I'd like to change the encoding FROM win1250 TO UTF8.

I managed to do it in PHP with the following code

$content = iconv('windows-1250', 'UTF-8', $content);

but I am unable to do it in Javascript. I need to do this encoding on client without sending it to server (so I can't use PHP as "encoding proxy")

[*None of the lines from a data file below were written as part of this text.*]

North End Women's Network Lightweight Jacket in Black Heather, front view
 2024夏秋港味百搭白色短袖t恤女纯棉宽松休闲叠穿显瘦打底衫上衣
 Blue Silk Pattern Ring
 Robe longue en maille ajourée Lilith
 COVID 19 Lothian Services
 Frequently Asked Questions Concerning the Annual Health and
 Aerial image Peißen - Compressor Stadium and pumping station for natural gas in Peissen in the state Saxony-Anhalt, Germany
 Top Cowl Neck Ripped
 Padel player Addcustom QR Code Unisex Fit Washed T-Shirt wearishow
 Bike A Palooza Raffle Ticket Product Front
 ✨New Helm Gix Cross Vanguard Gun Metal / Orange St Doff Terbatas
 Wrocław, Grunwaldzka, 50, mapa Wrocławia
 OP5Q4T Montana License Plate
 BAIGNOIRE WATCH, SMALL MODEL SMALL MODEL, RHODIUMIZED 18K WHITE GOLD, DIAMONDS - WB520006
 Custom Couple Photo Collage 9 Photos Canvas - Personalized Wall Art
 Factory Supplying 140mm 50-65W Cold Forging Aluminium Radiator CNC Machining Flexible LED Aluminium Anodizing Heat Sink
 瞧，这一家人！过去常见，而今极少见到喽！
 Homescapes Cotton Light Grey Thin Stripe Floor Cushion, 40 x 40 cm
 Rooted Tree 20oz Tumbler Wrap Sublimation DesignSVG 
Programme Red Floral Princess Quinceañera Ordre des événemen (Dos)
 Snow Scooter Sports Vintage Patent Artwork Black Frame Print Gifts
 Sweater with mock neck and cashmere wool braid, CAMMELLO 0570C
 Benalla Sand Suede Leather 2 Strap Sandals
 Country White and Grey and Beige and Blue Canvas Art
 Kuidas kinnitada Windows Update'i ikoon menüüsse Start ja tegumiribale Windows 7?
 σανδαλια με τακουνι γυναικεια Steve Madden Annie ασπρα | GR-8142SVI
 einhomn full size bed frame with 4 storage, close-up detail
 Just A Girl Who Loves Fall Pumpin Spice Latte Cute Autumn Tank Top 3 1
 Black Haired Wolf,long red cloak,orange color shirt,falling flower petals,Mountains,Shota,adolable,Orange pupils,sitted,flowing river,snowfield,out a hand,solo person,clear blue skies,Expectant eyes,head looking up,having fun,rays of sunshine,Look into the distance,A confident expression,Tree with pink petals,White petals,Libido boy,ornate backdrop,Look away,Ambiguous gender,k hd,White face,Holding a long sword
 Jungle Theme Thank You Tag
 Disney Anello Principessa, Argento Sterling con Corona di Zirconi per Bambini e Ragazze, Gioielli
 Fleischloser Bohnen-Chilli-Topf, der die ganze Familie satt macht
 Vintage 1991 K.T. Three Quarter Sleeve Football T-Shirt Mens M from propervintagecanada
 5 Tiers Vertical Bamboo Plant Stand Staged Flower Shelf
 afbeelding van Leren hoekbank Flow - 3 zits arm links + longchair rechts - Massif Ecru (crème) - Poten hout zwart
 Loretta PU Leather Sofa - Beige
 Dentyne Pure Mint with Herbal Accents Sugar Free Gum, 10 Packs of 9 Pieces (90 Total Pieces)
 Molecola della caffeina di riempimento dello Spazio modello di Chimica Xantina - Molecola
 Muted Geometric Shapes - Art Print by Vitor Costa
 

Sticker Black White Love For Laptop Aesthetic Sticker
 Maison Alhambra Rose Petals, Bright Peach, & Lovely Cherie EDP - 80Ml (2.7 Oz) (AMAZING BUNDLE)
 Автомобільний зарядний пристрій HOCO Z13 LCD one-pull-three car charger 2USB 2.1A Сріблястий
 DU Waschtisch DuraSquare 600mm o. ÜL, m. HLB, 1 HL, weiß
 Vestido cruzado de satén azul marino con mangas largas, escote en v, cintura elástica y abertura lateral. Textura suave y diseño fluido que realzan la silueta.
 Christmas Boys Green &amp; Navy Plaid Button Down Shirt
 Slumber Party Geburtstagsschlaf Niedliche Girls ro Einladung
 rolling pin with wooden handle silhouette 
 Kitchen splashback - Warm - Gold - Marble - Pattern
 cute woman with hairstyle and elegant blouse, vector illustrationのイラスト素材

I've tried to use libraries iconv-lite and text-encoding (on NPM) like this

    var reader = new FileReader();

    reader.onload = () => {
      var data = reader.result;
      // iconv-lite
      var buf = iconv.encode(data, 'win1250');
      var str1 = iconv.decode(new Buffer(buf), 'utf8');

      // text-encoding
      var uint8array = new TextEncoder('windows-1250').encode(data);
      var str2 = new TextDecoder('utf-8').decode(uint8array);

      console.log(str1);
      console.log(str2);
    };

    reader.readAsText(file);

But neither has actually correctly changed the encoding. Is there anything I'm missing?


Solution

  • I think you could simply try reader.readAsArrayBuffer

    var reader = new FileReader();
    reader.onload = () => {
      var buf = reader.result;
      // iconv-lite
      var str1 = iconv.decode(buf, 'win1250');
    
      // text-encoding
      var str2 = new TextDecoder('windows-1250').decode(buf);
    
      console.log(str1);
      console.log(str2);
    };
    
    reader.readAsArrayBuffer(file);
    

    If readAsArrayBuffer should get the binary data directly.

    I don't have the entire dev environment so the above code is not fully tested, hope it could at least be inspirational.